🤖 AI Summary
This paper addresses adversarial attacks in intelligent transportation systems (ITS), where malicious actors hijack traffic signal controllers at intersections—enforcing all-red or all-green phases—to induce abnormal traffic flow. We propose a network-agnostic intrusion detection method relying solely on traffic flow data. Leveraging a high-fidelity simulation environment integrating SUMO, a Raspberry Pi cluster, OPNsense firewall, and Metasploit, we extract discriminative traffic features—including occupancy, congestion length, and stop duration—and design a machine learning classifier robust to class imbalance and pattern overlap. To our knowledge, this is the first empirical validation in a realistic traffic control setting demonstrating that purely traffic-based patterns can reliably detect adversarial signal hijacking—bypassing conventional reliance on network logs or packet payloads.

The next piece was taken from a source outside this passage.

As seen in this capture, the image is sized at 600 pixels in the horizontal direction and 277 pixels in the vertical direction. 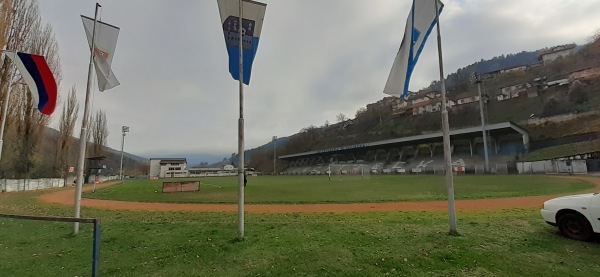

Our optimal model achieves 85% detection accuracy, establishing a lightweight, privacy-preserving paradigm for traffic cybersecurity monitoring.
📝 Abstract
This paper presents our simulation of cyber-attacks and detection strategies on the traffic control system in Daytona Beach, FL. using Raspberry Pi virtual machines and the OPNSense firewall, along with traffic dynamics from SUMO and exploitation via the Metasploit framework. We try to answer the research questions: are we able to identify cyber attacks by only analyzing traffic flow patterns. In this research, the cyber attacks are focused particularly when lights are randomly turned all green or red at busy intersections by adversarial attackers. Despite challenges stemming from imbalanced data and overlapping traffic patterns, our best model shows 85% accuracy when detecting intrusions purely using traffic flow statistics. Key indicators for successful detection included occupancy, jam length, and halting durations.